Para nosotros, la Córdoba de aquellos años está casi completamente sumergida en el desconocimiento, como las ciudades sepultadas por el mar o bajo las cenizas de una erupción volcánica. Las excavaciones de los arqueólogos revelan que entre el nivel del suelo de la ciudad romana y el de la visigoda hay una capa de ruinas que en algunos lugares tiene un espesor de seis metros: piedras y mármoles deshechos, calcinados, ennegrecidos por el humo de los incendios, como en la Troya que exhumó Schliemann. Pero de los desastres que sufrió Córdoba durante la edad oscura que vino tras la caída del dominio de Roma no han quedado más testimonios que los escombros enterrados. La asolaron las incursiones de los vándalos, las guerras entre los visigodos y los bizantinos, se fue hundiendo despacio, como cualquier otra ciudad del imperio, en una larga decadencia que duraría cinco siglos. La Hispania romana, en la que habían vivido más de cuatro millones de personas, albergaba a poco más de dos millones cuando llegaron los árabes. Las ciudades se habían despoblado, y ya no eran seguros los caminos ni prosperaba el comercio. Las crónicas hablaban de un mundo sometido al ocaso y ahogado en la pobreza, de siervos y esclavos que huyen de la sujeción a la tierra y forman hordas de vagabundos dedicados al saqueo, de padres que matan a sus hijos para librarlos del horror de vivir. La peste, la sequía y el hambre vinieron antes que los árabes y fueron mucho más exterminadores que ellos. Los metales preciosos no fluían de mano en mano en las monedas: los reyes y los clérigos guardaban tesoros solemnes que alimentaban la imaginación y la codicia. En Toledo, Musa ibn Nusayr encontró la mesa del rey Salomón, que era de oro macizo con incrustaciones de esmeraldas, o toda ella de una sola pieza de esmeralda, según otros autores, y veinticuatro coronas de oro correspondientes a cada uno de los reyes visigodos, y veintidós libros cuya encuadernación estaba incrustada de pedrería. Algunos contenían textos bíblicos; había uno, chapado en plata, que trataba de las propiedades de las piedras, de los árboles y de los animales, y en el que había dibujados extraños talismanes, y otro que era un tratado de alquimia en que se explicaba la fórmula para fabricar jacintos.

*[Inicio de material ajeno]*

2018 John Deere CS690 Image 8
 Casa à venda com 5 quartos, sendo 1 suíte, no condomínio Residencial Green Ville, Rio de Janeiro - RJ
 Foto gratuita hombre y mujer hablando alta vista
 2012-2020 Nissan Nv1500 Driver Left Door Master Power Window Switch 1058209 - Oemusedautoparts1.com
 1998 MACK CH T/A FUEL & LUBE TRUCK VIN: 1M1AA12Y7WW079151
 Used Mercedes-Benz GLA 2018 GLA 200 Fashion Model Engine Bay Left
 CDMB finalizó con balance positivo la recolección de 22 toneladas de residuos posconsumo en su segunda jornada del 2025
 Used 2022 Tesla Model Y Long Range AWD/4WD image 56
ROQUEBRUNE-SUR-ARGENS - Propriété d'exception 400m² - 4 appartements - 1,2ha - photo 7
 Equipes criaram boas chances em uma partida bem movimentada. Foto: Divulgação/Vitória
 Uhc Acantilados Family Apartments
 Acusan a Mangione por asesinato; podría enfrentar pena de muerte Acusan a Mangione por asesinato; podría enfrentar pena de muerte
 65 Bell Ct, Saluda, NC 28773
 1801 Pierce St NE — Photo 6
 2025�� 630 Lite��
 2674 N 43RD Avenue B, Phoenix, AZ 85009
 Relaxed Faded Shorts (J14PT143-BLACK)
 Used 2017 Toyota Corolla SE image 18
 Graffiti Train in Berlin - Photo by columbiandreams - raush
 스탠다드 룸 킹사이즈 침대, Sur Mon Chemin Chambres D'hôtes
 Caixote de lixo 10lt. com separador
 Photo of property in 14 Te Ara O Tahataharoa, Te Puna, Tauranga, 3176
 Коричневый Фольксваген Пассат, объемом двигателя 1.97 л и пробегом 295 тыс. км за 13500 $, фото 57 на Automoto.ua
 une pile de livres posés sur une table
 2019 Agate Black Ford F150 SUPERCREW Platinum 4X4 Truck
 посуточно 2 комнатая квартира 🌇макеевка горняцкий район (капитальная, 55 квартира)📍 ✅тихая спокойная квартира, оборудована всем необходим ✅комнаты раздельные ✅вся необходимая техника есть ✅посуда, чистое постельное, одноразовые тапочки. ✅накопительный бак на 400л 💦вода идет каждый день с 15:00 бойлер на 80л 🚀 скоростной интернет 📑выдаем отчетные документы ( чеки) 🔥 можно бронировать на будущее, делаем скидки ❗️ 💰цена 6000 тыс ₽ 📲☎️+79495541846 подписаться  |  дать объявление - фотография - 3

Bajo las hermosas mentiras de la imaginación apenas hay nada. Sólo sabemos que en aquellos días Córdoba no era más que una sombra de su propio pasado en la que aún se mantenían en pie vastos edificios que nadie recordaba cuándo o por quién fueron levantados. «Basílicas, templos, anfiteatros sin destino -escribe Leopoldo Torres Balbás-, medio ocultos entre los escombros, surgirían como enormes fantasmas de ladrillo y de dura argamasa. Despojados de sus revestidos de piedra y mármol, dominan plazas y foros solitarios y calles yermas, últimos testigos aún enhiestos de una espléndida civilización urbana. Sobre sus escombros y con los materiales procedentes de ellos se levantarían pobres viviendas parásitas, incrustadas entre los restos de sus pórticos y de los grandes edificios abandonados». En Córdoba, a mediados del siglo VII -cuenta un escritor musulmán-, un cazador de altanería ha perdido su halcón y al ir a buscarlo se adentra sin darse cuenta en un bosque donde no ha estado nunca. Entre los árboles y la maleza descubre con sorpresa las ruinas de un palacio romano, oculto y desconocido, en el mismo interior de la ciudad. Tiempo después, el palacio será reconstruido y servirá de alojamiento al gobernador de la Bética, el duque Rodrigo, que aún no sabe que llegará a ser rey y que su nombre perdurará en las generaciones futuras no a causa de su heroicidad ni de su gloria, sino del recuerdo de su infamia.